# Fox Pro----------Hellfire



## SWAMPBUCK10PT (Apr 5, 2010)

*Wha !!!!!!!!!!! What can ya say about this Great Company**-------Sent my Hellfire in to have new sounds put on and a General Check -up---The Guys in Customer Service Excel doing their Job-It was back home before I even missed it and better than New--All I can Say Is Thanks Guys for the Great Job you Do------GO FOX PRO____________________skip*


----------



## hassell (Feb 9, 2010)

Great report Skip, thanks for sharing.


----------



## azpredatorhunter (Jul 24, 2012)

So what are these new sounds...lol.


----------



## glenway (Mar 27, 2011)

I have some really tired sounds on my FoxPro, too. I loaded some from the FoxPro site and they sound phony - especially the owl and crow mixed sound.
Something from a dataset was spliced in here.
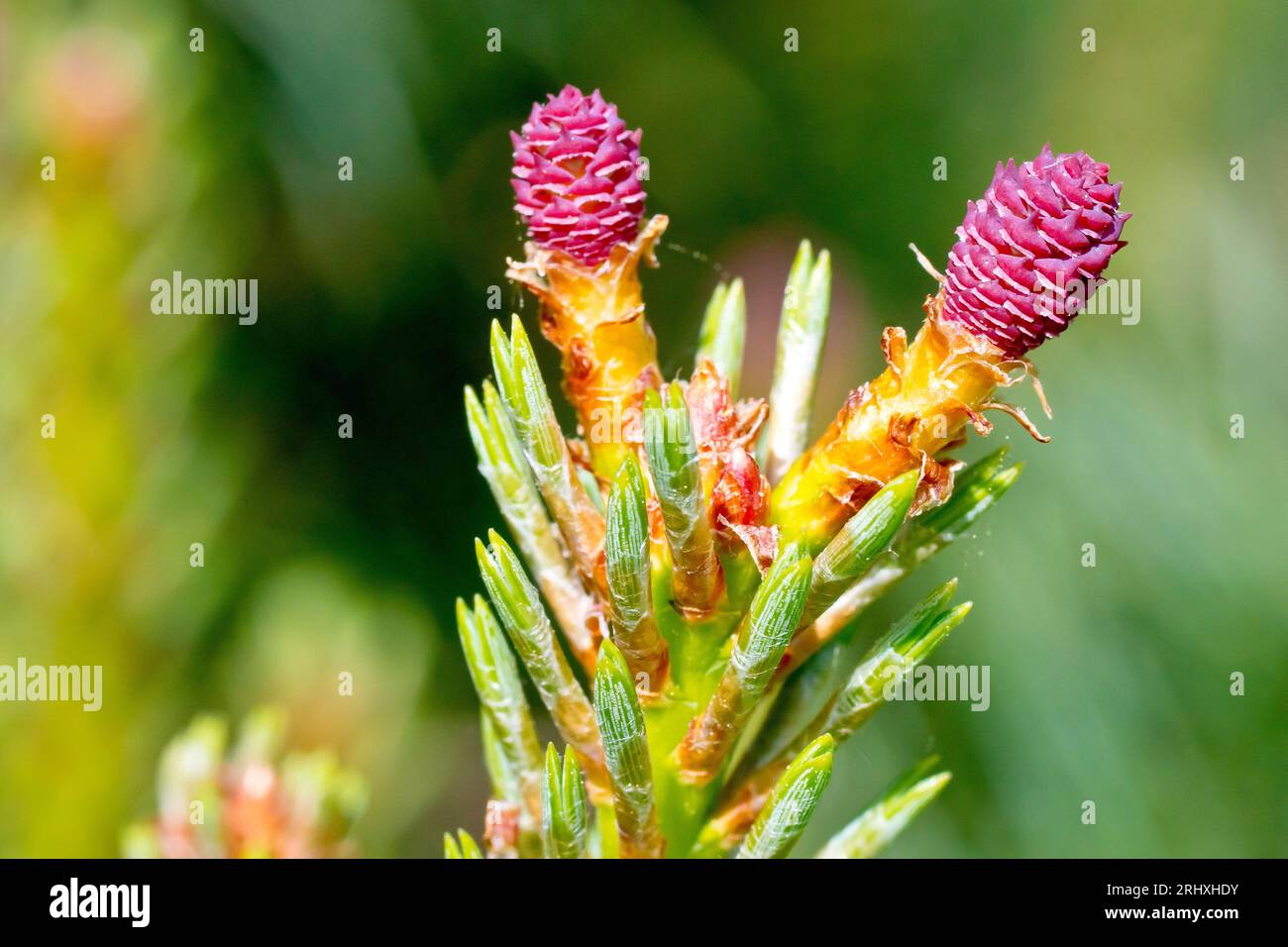 Scot's Pine (pinus sylvestris), close up of the small pink female flowers of the common evergreen tree. Stock Photo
I'd love to get some better sounds for it. Maybe start another thread...


----------



## prairiewolf (Feb 19, 2012)

Good idea Glen

http://www.predatortalk.com/topic/21003-fox-pro-sounds-and-others-do-they-get-worn/


----------



## SWAMPBUCK10PT (Apr 5, 2010)

*Ok here's some of their new sounds that I had put on my Hellfire------Devil Bunny---Bay Bee Cottontail #2---Rabbit--Western Vole--Baby Porcupine---Grieving Gray Fox----Baby Bobcat--Troubled Coyote---Coyote female Sore Howls and a bunch of other older proven sounds That I didn't have on the call-------------They have I think 17 new sounds they put out this year--even alligator-------------------sb*


----------



## youngdon (Mar 10, 2010)

Did you record Ironworker in distress when that coyote was gnawing on your leg ? I'd guess an asterisk would go with that one(*adults only)


----------



## SWAMPBUCK10PT (Apr 5, 2010)

youngdon said:


> Did you record Ironworker in distress when that coyote was gnawing on your leg ? I'd guess an asterisk would go with that one(*adults only)
> 
> *LOL---There was some Blue Haze in the air but that's because IT WAS Boilermaker Distress--we get payed more* :biggrin: :biggrin: because we do it under pressure Ha haa


----------



## catcapper (Feb 11, 2010)

The Bay Bee Cottontail works well up in this country Skip--- I have best results at half volume.

awprint:


----------



## SWAMPBUCK10PT (Apr 5, 2010)

*Thanks CAT----------Will be trying it out soon----------sb*


----------



## huntlots (Jan 23, 2014)

SWAMPBUCK10PT said:


> *Ok here's some of their new sounds that I had put on my Hellfire------Devil Bunny---Bay Bee Cottontail #2---Rabbit--Western Vole--Baby Porcupine---Grieving Gray Fox----Baby Bobcat--Troubled Coyote---Coyote female Sore Howls and a bunch of other older proven sounds That I didn't have on the call-------------They have I think 17 new sounds they put out this year--even alligator-------------------sb*


Ifyou dint mind me askibg what did that cost you putting new sounds on and getting your call serviced. I also have a hellfire and love it.


----------